Now then, what is a natural isomorphism? Let $S,T:\mathcal{A} \rightarrow \mathcal{B}$ be equi(?)variant functors. A natural isomorphism $\tau:S \rightarrow T$ is a family of morphisms in $\mathcal{B}$, $\tau = (\tau_A:S(A)\rightarrow T(A))_{A\in \mathrm{ob}(\mathcal{A})}$, such that for any $f \in \mathrm{Hom}_{\mathcal{A}}(A,A')$ we have $\tau_{A'}S(f)=T(f)\tau_A$, and each $\tau_A$ is an isomorphism. (This is from Rotman's Introduction to Hom. Algebra.)

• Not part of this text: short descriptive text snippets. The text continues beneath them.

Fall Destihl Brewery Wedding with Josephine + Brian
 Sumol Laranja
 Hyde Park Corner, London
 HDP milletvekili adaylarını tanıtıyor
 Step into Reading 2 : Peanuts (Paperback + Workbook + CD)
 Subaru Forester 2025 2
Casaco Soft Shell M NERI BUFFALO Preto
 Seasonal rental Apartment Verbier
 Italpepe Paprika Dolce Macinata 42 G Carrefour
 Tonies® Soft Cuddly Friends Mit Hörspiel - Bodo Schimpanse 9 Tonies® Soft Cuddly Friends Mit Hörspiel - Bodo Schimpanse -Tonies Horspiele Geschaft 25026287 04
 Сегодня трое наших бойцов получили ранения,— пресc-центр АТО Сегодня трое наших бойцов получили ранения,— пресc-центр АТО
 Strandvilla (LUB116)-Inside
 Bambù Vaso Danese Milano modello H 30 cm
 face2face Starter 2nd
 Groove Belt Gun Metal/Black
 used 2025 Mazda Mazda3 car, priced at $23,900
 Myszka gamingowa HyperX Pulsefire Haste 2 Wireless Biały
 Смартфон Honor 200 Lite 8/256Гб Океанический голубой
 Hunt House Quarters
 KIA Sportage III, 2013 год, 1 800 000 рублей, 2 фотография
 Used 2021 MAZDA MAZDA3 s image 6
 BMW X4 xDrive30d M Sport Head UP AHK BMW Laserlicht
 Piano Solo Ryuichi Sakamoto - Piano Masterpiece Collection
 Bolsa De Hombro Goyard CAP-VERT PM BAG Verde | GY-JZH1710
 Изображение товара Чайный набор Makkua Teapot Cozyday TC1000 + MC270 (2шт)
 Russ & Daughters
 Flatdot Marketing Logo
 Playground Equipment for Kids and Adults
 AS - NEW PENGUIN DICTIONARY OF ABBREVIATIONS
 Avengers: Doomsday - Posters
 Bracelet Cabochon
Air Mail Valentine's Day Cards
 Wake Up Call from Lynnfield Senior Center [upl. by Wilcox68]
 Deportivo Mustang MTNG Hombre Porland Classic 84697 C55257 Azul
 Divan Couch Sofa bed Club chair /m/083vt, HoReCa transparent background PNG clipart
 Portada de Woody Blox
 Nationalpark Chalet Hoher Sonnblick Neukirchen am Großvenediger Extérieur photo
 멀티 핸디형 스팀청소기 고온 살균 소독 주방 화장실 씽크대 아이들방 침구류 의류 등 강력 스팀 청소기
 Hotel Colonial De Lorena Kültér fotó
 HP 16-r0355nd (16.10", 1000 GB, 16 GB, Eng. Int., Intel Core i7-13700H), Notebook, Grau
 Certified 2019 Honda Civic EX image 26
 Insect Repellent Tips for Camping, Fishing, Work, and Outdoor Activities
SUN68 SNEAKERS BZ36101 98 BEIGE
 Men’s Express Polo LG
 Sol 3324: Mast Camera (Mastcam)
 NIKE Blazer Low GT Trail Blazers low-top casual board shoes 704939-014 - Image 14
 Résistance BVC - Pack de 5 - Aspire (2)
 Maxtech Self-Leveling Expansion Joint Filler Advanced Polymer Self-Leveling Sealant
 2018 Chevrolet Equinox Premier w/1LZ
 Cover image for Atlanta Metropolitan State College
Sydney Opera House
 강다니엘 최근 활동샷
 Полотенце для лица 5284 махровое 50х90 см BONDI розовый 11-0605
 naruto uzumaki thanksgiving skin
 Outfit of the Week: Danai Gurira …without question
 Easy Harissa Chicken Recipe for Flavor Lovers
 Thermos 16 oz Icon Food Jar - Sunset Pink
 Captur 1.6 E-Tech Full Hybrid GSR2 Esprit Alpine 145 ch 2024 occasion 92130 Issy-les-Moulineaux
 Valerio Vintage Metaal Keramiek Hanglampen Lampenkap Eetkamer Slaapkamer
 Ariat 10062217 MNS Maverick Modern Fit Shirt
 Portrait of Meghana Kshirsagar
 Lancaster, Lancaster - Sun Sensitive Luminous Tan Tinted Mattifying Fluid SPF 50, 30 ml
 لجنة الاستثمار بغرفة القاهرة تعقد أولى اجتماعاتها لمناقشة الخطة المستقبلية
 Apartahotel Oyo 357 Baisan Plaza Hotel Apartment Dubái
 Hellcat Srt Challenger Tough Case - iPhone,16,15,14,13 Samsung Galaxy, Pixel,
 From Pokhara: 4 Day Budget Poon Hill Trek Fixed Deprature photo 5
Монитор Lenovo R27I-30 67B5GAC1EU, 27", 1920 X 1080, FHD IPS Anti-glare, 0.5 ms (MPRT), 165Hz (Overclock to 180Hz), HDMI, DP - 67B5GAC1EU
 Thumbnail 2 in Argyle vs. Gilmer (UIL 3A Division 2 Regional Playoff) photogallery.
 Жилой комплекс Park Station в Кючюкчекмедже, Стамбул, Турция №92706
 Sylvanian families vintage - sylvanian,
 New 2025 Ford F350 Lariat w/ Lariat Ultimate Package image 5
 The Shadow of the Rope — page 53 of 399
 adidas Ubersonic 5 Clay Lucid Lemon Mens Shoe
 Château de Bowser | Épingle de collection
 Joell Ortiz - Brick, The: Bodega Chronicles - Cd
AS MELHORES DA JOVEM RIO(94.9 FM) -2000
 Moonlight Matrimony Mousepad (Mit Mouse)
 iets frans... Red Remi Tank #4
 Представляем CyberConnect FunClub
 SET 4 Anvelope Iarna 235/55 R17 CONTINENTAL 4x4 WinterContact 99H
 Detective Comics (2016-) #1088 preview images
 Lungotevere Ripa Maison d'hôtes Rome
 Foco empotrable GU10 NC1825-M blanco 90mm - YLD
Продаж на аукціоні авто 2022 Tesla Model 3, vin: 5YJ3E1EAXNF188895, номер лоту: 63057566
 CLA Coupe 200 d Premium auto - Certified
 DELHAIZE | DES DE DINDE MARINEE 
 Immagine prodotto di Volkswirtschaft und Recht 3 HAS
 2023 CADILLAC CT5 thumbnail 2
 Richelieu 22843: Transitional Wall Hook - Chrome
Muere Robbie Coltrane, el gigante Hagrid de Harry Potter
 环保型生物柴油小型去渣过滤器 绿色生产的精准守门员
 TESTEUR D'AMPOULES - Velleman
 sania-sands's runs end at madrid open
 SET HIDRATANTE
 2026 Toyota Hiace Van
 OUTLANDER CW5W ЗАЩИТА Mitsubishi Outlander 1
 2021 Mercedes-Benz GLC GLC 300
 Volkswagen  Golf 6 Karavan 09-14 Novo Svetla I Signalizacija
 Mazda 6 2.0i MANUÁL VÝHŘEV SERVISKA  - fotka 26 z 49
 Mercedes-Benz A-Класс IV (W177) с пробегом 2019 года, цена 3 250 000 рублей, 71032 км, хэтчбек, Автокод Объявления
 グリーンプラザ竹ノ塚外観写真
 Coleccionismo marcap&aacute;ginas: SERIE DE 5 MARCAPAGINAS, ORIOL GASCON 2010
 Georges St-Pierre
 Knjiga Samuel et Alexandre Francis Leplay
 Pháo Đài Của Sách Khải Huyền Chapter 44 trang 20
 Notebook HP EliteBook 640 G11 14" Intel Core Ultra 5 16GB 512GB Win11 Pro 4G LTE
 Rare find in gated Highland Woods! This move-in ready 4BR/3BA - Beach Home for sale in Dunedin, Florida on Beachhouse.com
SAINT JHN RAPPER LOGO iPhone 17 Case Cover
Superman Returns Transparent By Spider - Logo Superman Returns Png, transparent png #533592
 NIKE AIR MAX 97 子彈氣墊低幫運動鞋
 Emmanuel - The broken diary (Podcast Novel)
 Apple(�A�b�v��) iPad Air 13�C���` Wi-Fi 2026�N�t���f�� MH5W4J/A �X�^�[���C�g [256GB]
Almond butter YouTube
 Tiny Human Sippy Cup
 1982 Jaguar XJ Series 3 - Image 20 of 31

Finally, the actual question: What does this entail in the context of equivalence of categories (first paragraph)? My guess is the following: A natural isomorphism $\varepsilon:FG \rightarrow \mathrm{id}_\mathcal{D}$ means a family of morphisms in $\mathcal{D}$, $\varepsilon=(\varepsilon:FG(D) \rightarrow \mathrm{id}_\mathcal{D}(D)=D)_{D \in \mathrm{ob}(\mathcal{D})}$ such that for any $f \in \mathrm{Hom}_\mathcal{D}(D,D')$, $\varepsilon_{D'}FG(f)=f \varepsilon_D$ and each $\varepsilon_D$ is an isomorphism. And analogously for the other pair of functors.
My confusion lies in what functors are "compared" in the equivalence.
 A: It works pretty much like other isomorphisms in mathematics. For instance, if I want to show that two topological spaces are isomorphic, I want maps $f:X \rightarrow Y$ and $g:Y \rightarrow X$ such that $g \circ f = id_X$ and $f \circ g = id_Y$. Now, it would make sense to say that an equivalence of categories is a pair of functors $F: \mathcal{C} \rightarrow \mathcal{D}$ and $G: \mathcal{D} \rightarrow \mathcal{C}$ such that $G \circ F = id_\mathcal{C}$ and $G \circ F = id_\mathcal{D}$, where you compose functors as expected and $id$ is the identity functor.
But the problem is that in practice, wanting the two functors to be exactly equal is asking far, far too much, because in category theory, we usually don't care if two objects are exactly equal. If they're isomorphic, that's almost always good enough. So we relax the equality above to natural isomorphism. 
So for each object of $D$, we have that $FG(D)$ is isomorphic to $D$ via some isomorphism $\epsilon_D:FG(D) \rightarrow D$, and that all these isomorphisms are compatible with arrows in $D$, in the sense that if we go from $D$ to $D'$ via $f:D \rightarrow D'$, then $f \circ \epsilon_D = \epsilon_{D'} \circ FG(f)$. (You might even think of this as the map $FG(f)$ being "isomorphic" to the map $f$, in some sense.) So that part of the equivalance is like "global isomorphism" from all the objects and arrows spit out by $FG$ to all the original objects and arrows in $\mathcal{D}$. And similarly for the other composition.